Exercise instructions:
Write out an exact copy of the line containing "MASTER LOCK A1165CLR" and all lines that follow it in the data below, leaving out pictures.

Image-caption web data:
== Segment start ==
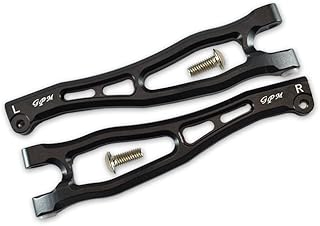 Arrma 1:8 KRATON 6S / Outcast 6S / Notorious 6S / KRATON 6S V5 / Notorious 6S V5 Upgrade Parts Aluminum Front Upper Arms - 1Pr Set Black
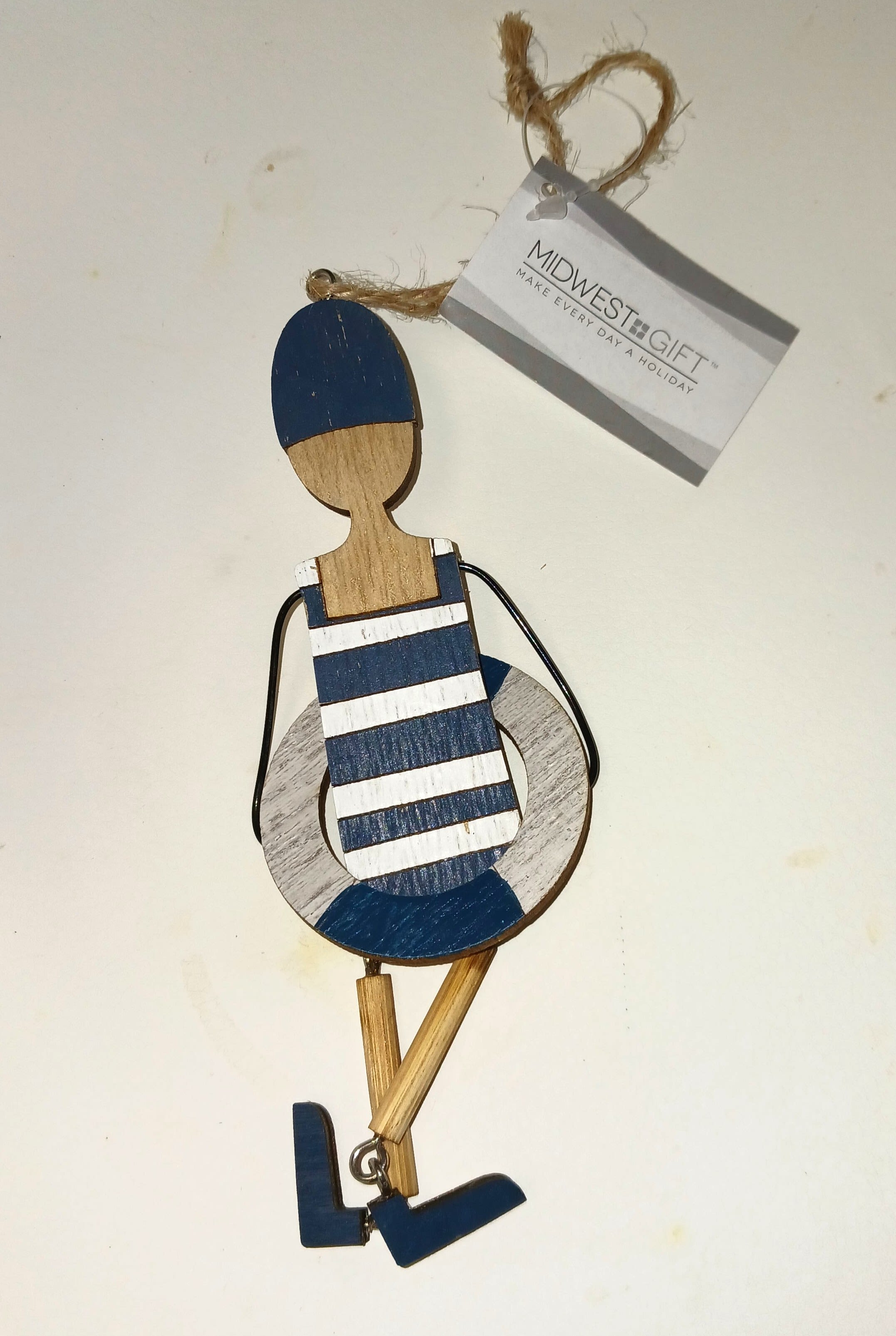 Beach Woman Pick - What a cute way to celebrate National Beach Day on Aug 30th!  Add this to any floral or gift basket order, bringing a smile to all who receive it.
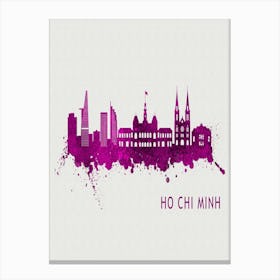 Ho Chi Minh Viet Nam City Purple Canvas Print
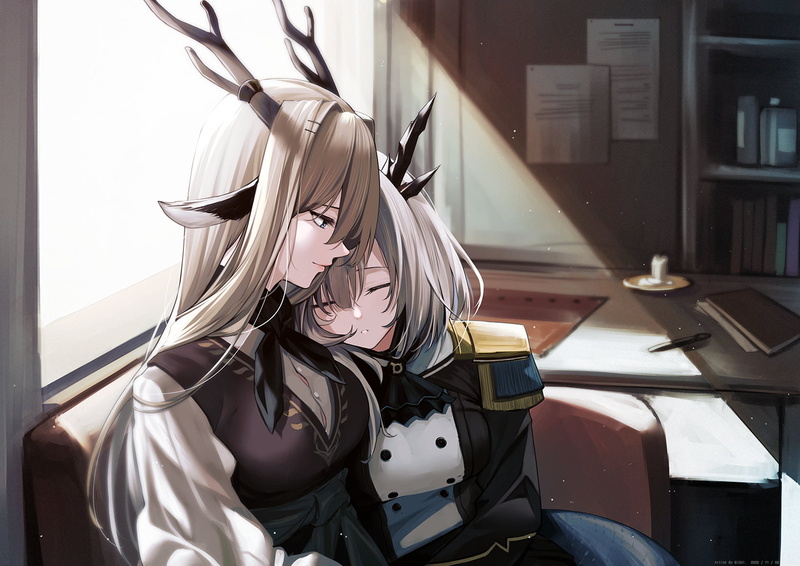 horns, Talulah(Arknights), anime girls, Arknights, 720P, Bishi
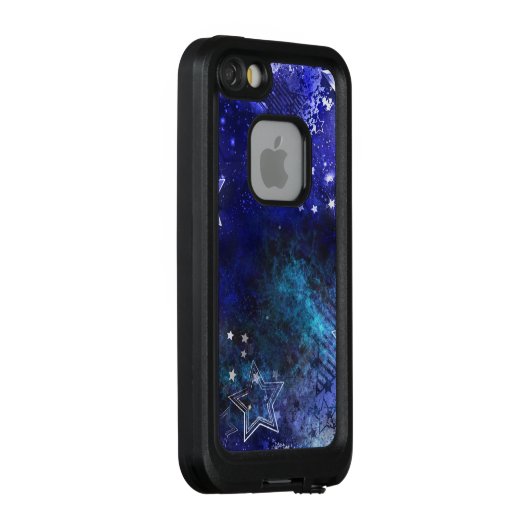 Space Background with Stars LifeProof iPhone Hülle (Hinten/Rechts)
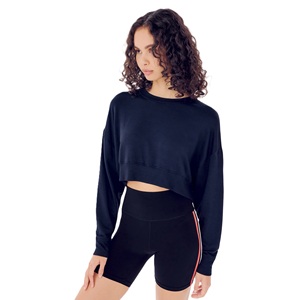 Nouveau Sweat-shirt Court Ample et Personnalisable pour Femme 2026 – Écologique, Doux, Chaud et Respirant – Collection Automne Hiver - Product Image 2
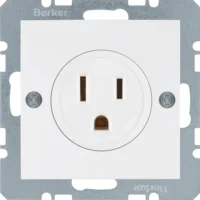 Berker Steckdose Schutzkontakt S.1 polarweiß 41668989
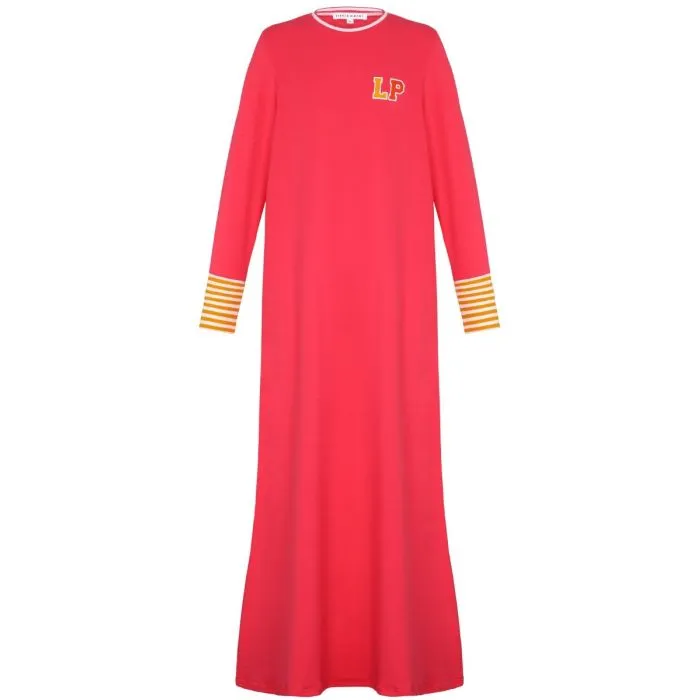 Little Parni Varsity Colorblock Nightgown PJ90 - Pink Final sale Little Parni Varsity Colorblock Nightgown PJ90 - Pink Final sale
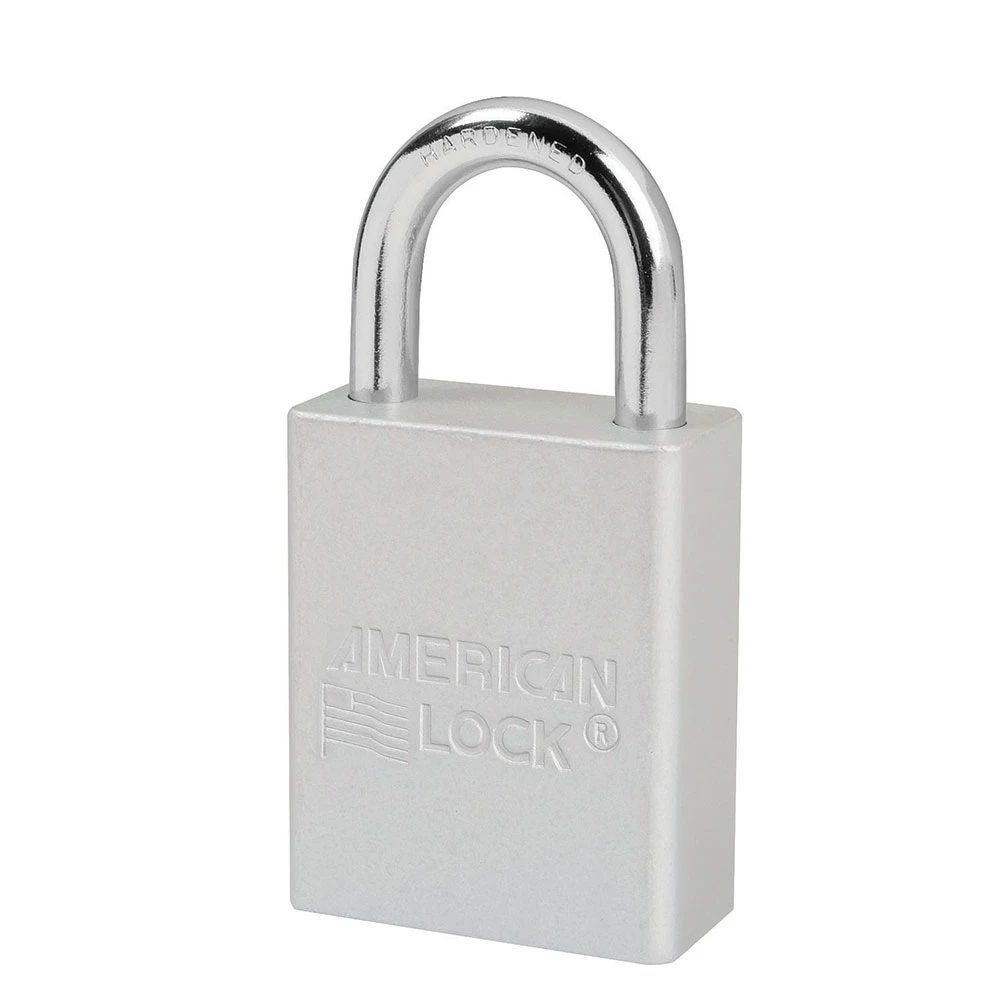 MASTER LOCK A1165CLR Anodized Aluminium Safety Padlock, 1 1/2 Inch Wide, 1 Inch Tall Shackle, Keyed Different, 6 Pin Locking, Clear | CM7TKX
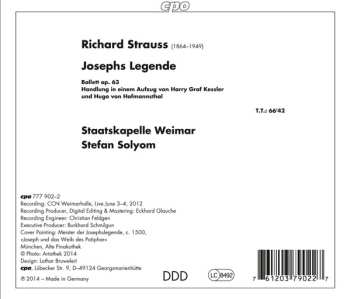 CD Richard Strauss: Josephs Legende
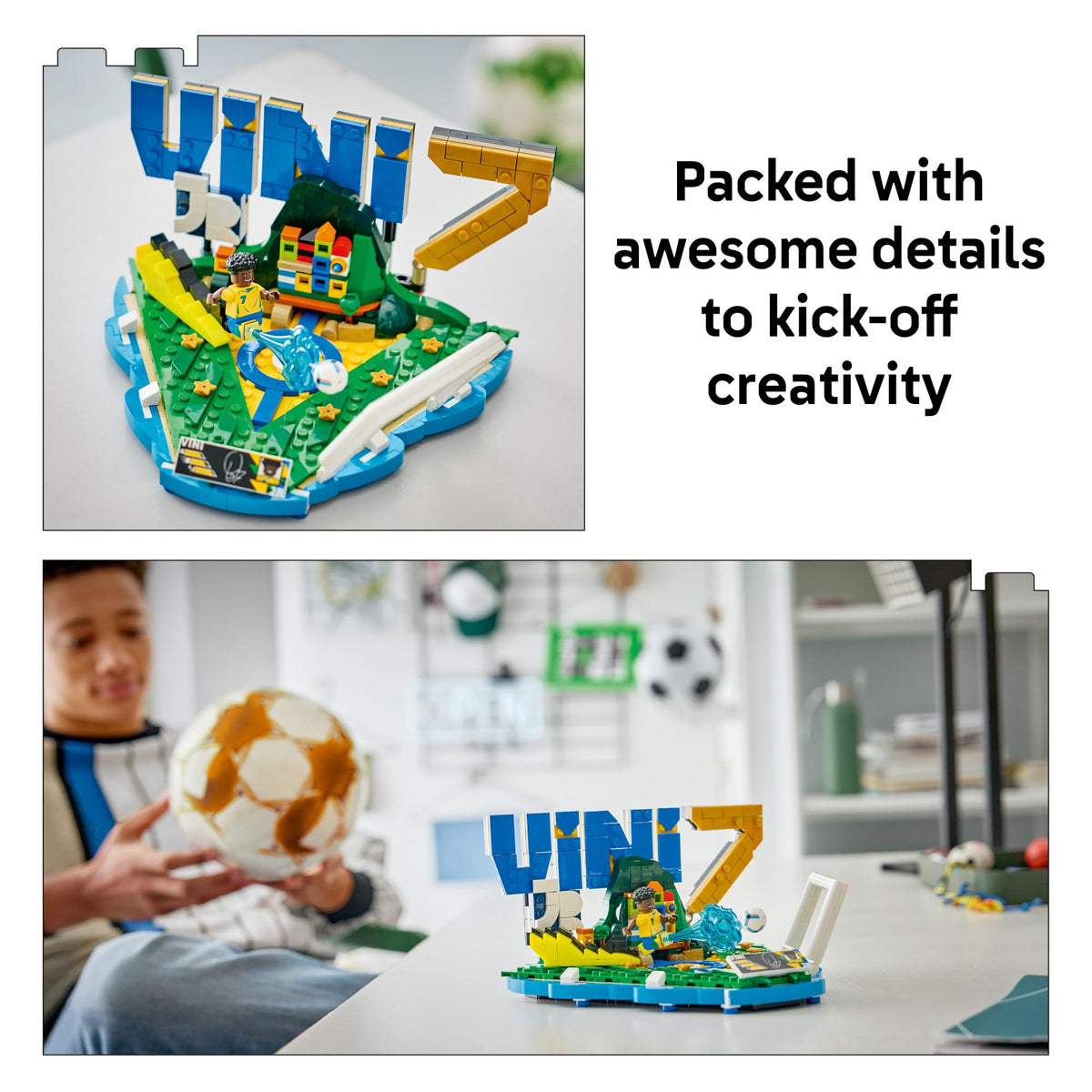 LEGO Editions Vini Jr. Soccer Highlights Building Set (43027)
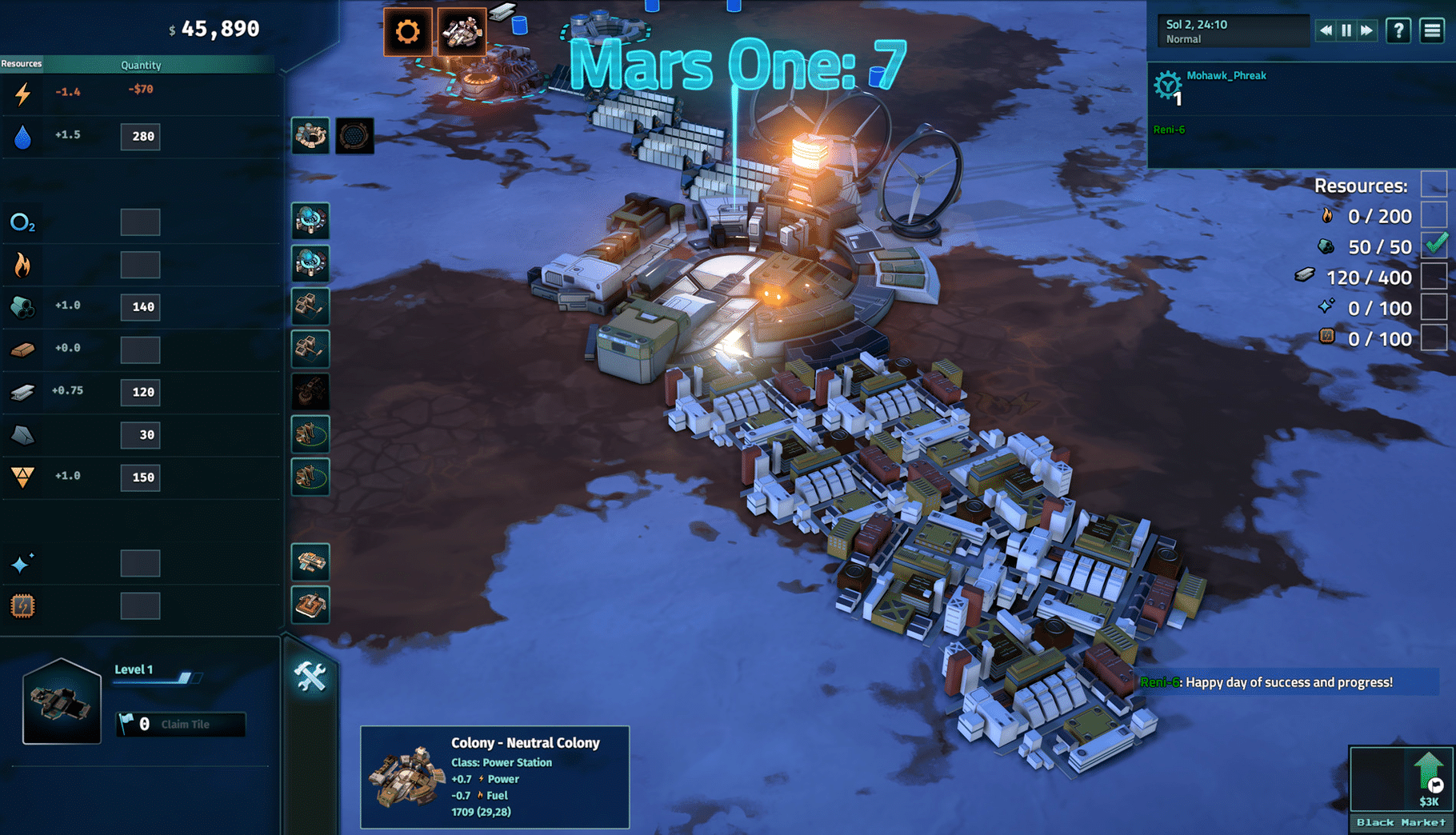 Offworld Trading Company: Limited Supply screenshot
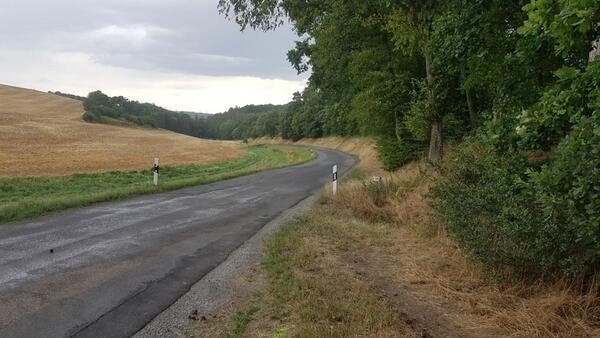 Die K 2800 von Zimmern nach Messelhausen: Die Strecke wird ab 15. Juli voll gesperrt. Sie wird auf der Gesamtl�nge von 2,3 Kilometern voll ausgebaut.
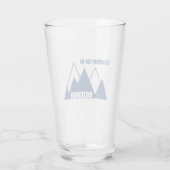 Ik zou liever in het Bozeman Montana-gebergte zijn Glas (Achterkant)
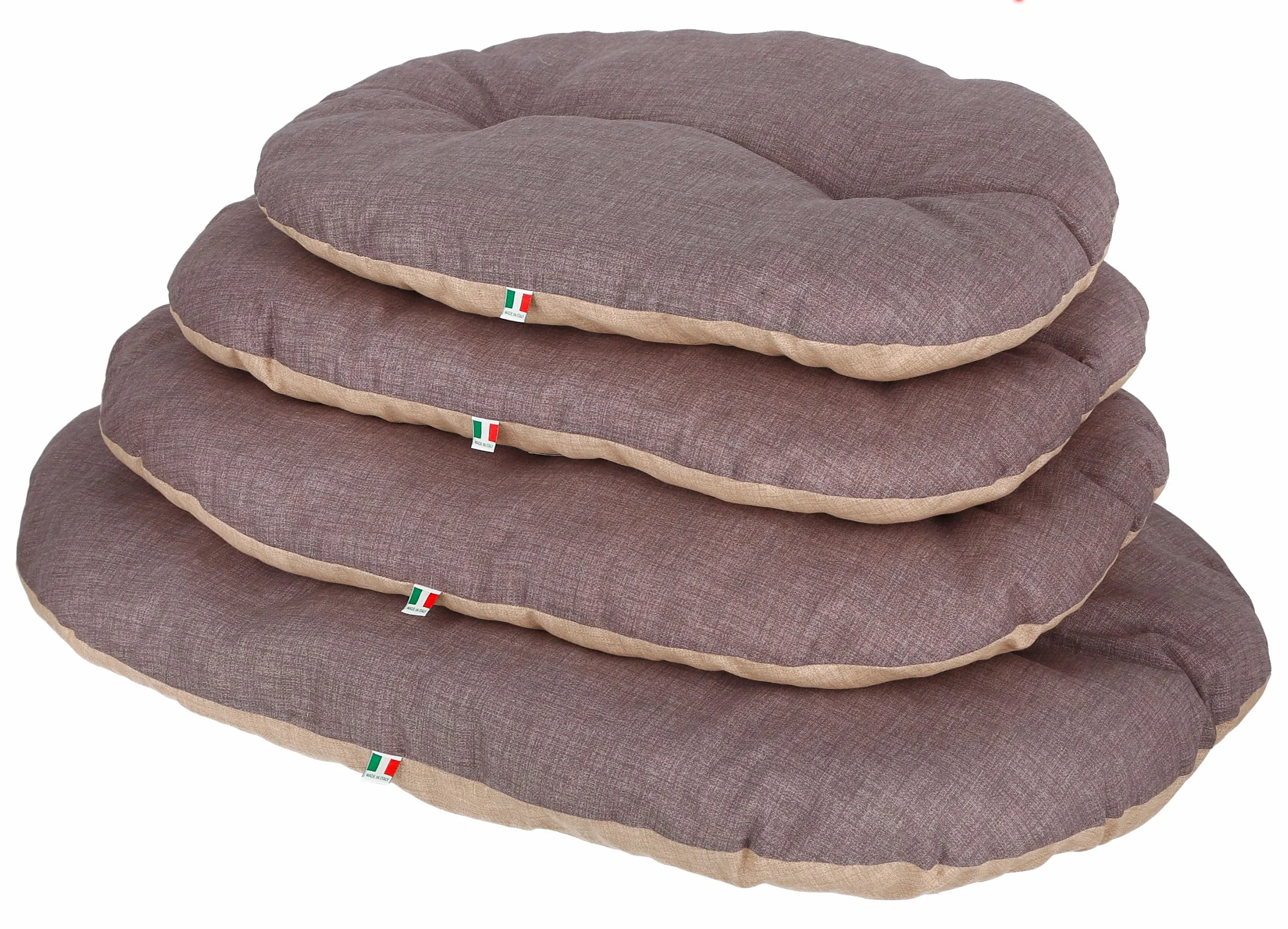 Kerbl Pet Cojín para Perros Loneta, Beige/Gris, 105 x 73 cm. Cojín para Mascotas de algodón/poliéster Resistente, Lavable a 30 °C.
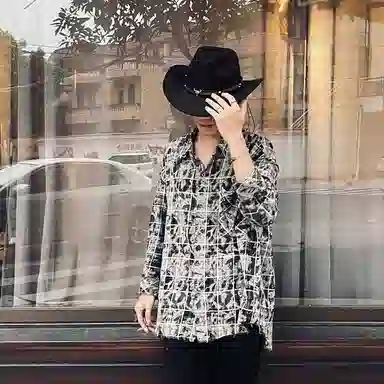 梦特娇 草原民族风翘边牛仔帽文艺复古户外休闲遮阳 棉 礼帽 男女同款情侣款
== Segment end ==
Output for this task:
 MASTER LOCK A1165CLR Anodized Aluminium Safety Padlock, 1 1/2 Inch Wide, 1 Inch Tall Shackle, Keyed Different, 6 Pin Locking, Clear | CM7TKX
 CD Richard Strauss: Josephs Legende
 LEGO Editions Vini Jr. Soccer Highlights Building Set (43027)
 Offworld Trading Company: Limited Supply screenshot
 Die K 2800 von Zimmern nach Messelhausen: Die Strecke wird ab 15. Juli voll gesperrt. Sie wird auf der Gesamtl�nge von 2,3 Kilometern voll ausgebaut.
 Ik zou liever in het Bozeman Montana-gebergte zijn Glas (Achterkant)
 Kerbl Pet Cojín para Perros Loneta, Beige/Gris, 105 x 73 cm. Cojín para Mascotas de algodón/poliéster Resistente, Lavable a 30 °C.
 梦特娇 草原民族风翘边牛仔帽文艺复古户外休闲遮阳 棉 礼帽 男女同款情侣款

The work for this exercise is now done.